Words Tom Spooner

Holy Fire is not a biblical bursting of energy, nor is it an epiphany a la’ Moses and his burning bush. It is nothing so dramatic. Yes, Foals have adopted a bigger, bolder sound but this record is about transition and not combustion.

Lyrically, it’s preoccupied with journeys; specifically the dual difficulties of orientation and navigation. There are songs about escaping the woods, about continuing on a path “step by aching step.” On Milk & Black Spiders, Yannis Philippakis sings: “You’re my compass and my sea,” a key metaphor that highlights the difficulties of trying to locate yourself both emotionally and geographically. And so it is that this sense of transition and struggle with finding direction is mirrored in Holy Fire’s confusion of textures.

It is clear that on their third album, the Oxford five-piece have targeted a wider audience. Holy Fire is undeniably a bid for the big time. It is interesting then, how they have chosen to go about it. Within each song they have attempted to bring together a number of disparate and seemingly incongruous elements within a stadium-rock package. Take Inhaler for example. In under five minutes, we are offered a dominant bassline groove, falsetto vocals, as well as 80s pop tropes and nu-metal riffery. Admittedly, it sounds dated, harping back to an ill-advised period of fusion in the late 90s where metal, dance and rock music came together, but this cross-pollination of genres just about works.

There is yet more evidence of a newly populist Foals. My Number is pure dancefloor fodder, thin on ideas but charmingly brazen in its sheer poppiness. Whereas Bad Habit, with its syncopated rhythms, post-rock-lite soaring guitars, is a melodic ballad in the same vein as Coldplay. Similarly Out of the Woods with its trendy marimba and Duran Duran chorus, and the glam-stomp of Providence whose final breakdown screams festival mosh-pit, are very much in vogue.

Foals’ trademark intricate math-y lines have been relegated in the mix, replaced by a fuller bass sound and heavier guitars employed repeatedly to usher in choruses with a predictable soft-loud dynamic. Yet this collection of tracks have every chance of achieving what they are designed to and may hook a wider audience.

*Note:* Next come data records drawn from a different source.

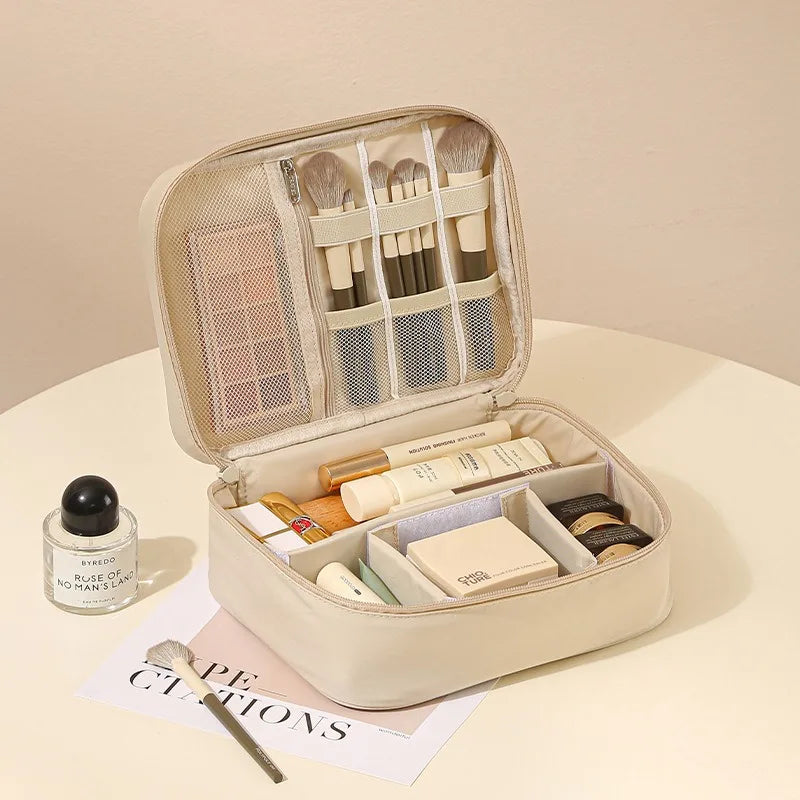 Professional Makeup Organizer Travel Bag | Multi-Compartment Case
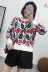 C-A412 áo len màu tương phản retro Đáy mùa thu mới của phụ nữ Phiên bản Hàn Quốc của áo len nữ cổ tròn áo len croptop Áo / áo thun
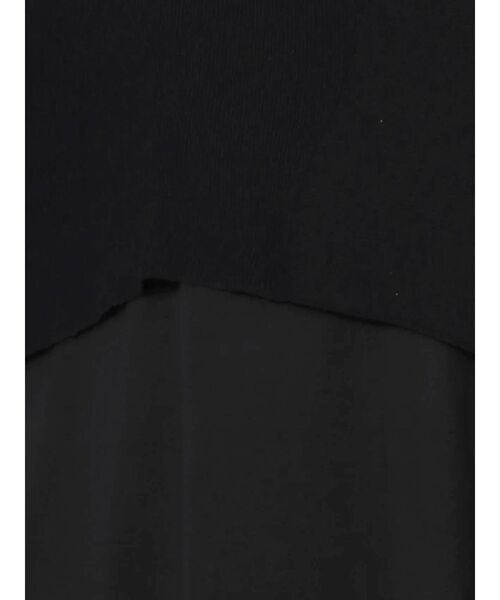 ELENDEEK（エレンディーク）の「ショートニットフレアヘムカットソーセット（Tシャツ/カットソー・レディース・ホワイト/ライトベージュ/ブラック・FREE）」の16枚目の写真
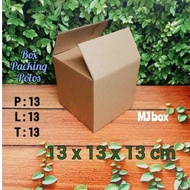 Cardboard box size 13x13x13... Single wall multi-purpose packing box, indomie packaging model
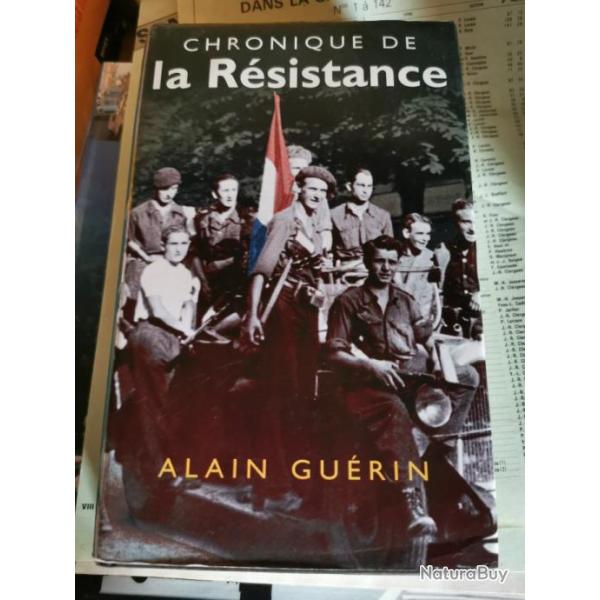 Chronique de la r�sistance de Alain Guerin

However, on the rest of Holy Fire, Foals fail to amalgamate this diverse sonic armoury into songs that actually work. They try too hard, pack too much in. For all their busyness and techy play, there are a number of mid-tempo tracks that weigh the album down. Wading through the shifting rhythms and layered guitar of Everytime is tiring; the glitchy, moody Stepson buzzes and swells somberly enough but achieves nothing more than an atmosphere, a mood, and Milk & Black Spiders is about as edgy as its college-band title; going nowhere despite employing a house music build to shoehorn in some dynamism. At times, Holy Fire is reminiscent of the slow trudging of a childhood family walk when all you want to do is go home and play computer games.

Foals are at their most interesting when they experiment with the minimalist aesthetic of The XX. Late Night begins by moving in similarly sparse planes to Coexist, with muted beats, distant strings, and understated noodles of guitar. Sadly, any intriguing sonic shadow-play is soon forgotten as it descends into generic indie funk punctuated with disconcerting percussive pants. Failing to build on early promise, it goes from The XX to XXX, sounding like a hipster porn soundtrack. Closing track Moon is full of measured feedback and electronic fizzes again recalling The XX but also Brian Eno and Radiohead. It reintroduces the central theme of the isolated explorer, but this time they are trying to make sense of a lunar landscape pitted with dark lyrical craters.

So what we have with Holy Fire is a collection of up-tempo rockers, bass-driven and bouncy with a little aggro thrown in for the disaffected youth, a shimmy of 80s pop, a smidgen of late 90s nu-metal, and some appropriations of The XX’s sensual miserabilism. Sometimes all within one song. Gone is the skeletal funk of Antidotes, gone too is the sinewy Prog and muscular textures of Total Life Forever. Holy Fire is the sound of an intelligent band grown fat with ideas, succumbing to the processed lip-smacking, hand-clapping, lighter-waving allure of contemporary stadium rock. Holy Fire has variety and scope and might just succeed. Yet when Yannis sings, “I once was lost, now I am truly found”, it doesn’t ring true. Holy Fire is not evidence of a band that have found their sound, but one trying frantically to find it. For all its complexity, ambition and cross-genre meddling Holy Fire is not an arrival but a meander.